Abstract
To delineate the structural determinants involved in the constitutive activation of the D1 receptor subtypes, we have constructed chimeras between the D1A and D1B receptors. These chimeras harbored a cognate domain corresponding to transmembrane regions 6 and 7 as well as the third extracellular loop (EL3) and cytoplasmic tail, a domain referred herein to as the terminal receptor locus (TRL). A chimeric D1A receptor harboring the D1B-TRL (chimera 1) displays an increased affinity for dopamine that is indistinguishable from the wild-type D1B receptor. Likewise, a chimeric D1B receptor containing the D1A-TRL cassette (chimera 2) binds dopamine with a reduced affinity that is highly reminiscent of the dopamine affinity for the wild-type D1A receptor. Furthermore, we show that the agonist independent activity of chimera 1 is identical to the wild-type D1B receptor whereas the chimera 2 displays a low agonist independent activity that is indistinguishable from the wild-type D1A receptor. Dopamine potencies for the wild-type D1A and D1B receptor were recapitulated in cells expressing the chimera 2 or chimera 1, respectively. However, the differences observed in agonist-mediated maximal activation of adenylyl cyclase elicited by the D1A and D1B receptors remain unchanged in cells expressing the chimeric receptors. To gain further mechanistic insights into the structural determinants of the TRL involved in the activation properties of the D1 receptor subtypes, we have engineered two additional chimeric D1 receptors that contain the EL3 region of their respective cognate wild-type counterparts (hD1A-EL3B and hD1B-EL3A). In marked contrast to chimera 1 and 2, dopamine affinity and constitutive activation were partially modulated by the exchange of the EL3. Meanwhile, hD1A-EL3B and hD1B-EL3A mutant receptors display a full switch in the agonist-mediated maximal activation, which is reminiscent of their cognate wild-type counterparts. Overall, our studies suggest a fundamental role for the TRL in shaping the intramolecular interactions implicated in the constitutive activation and coupling properties of the dopamine D1 receptor subtypes.
Highlights
The classical paradigm for G protein-coupled receptor (GPCR)1 activation is described by the binding of an agonist to an inactive receptor state (R)
We have described that replacement of a variant amino acid found in the carboxyl end of the third cytoplasmic loop of the D1A by the one found in the D1B receptor can induce partially the constitutive activation of the D1A receptor [10]
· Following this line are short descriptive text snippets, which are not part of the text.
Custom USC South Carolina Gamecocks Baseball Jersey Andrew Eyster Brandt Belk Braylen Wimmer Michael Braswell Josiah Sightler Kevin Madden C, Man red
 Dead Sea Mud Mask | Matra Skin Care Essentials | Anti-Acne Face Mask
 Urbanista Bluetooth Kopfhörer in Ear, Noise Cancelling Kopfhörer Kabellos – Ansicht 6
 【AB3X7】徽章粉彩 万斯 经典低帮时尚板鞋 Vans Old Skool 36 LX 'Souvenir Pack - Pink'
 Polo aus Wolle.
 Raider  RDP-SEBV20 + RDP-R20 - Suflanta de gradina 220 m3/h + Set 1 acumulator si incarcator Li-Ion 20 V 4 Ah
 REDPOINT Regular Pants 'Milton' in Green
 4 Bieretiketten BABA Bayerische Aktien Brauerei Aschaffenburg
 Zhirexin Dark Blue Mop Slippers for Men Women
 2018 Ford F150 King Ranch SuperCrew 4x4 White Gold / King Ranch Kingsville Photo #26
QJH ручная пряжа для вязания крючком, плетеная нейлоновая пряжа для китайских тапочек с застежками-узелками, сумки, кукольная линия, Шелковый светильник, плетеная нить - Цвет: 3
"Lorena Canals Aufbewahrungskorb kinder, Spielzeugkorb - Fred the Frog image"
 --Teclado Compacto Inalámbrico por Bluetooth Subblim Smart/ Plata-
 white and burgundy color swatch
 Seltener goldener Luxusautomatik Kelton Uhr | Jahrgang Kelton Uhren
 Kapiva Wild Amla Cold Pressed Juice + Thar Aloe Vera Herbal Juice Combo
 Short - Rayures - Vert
This paper is available on line at http://www.jbc.org domain regulating the activation process of the D1A and D1B receptor but demonstrates that the molecular determinants involved in the GPCR activation properties can be separated
Summary
The classical paradigm for G protein-coupled receptor (GPCR) activation is described by the binding of an agonist to an inactive receptor state (R). A mutant D1B receptor harboring the variant D1A amino acid exhibits a decreased level of constitutive activity as well as the binding and coupling properties similar to those of the wild-type D1A receptor [10]. This paper is available on line at http://www.jbc.org domain regulating the activation process of the D1A and D1B receptor but demonstrates that the molecular determinants involved in the GPCR activation properties (constitutive activation, agonist potency, and intrinsic efficacy) can be separated.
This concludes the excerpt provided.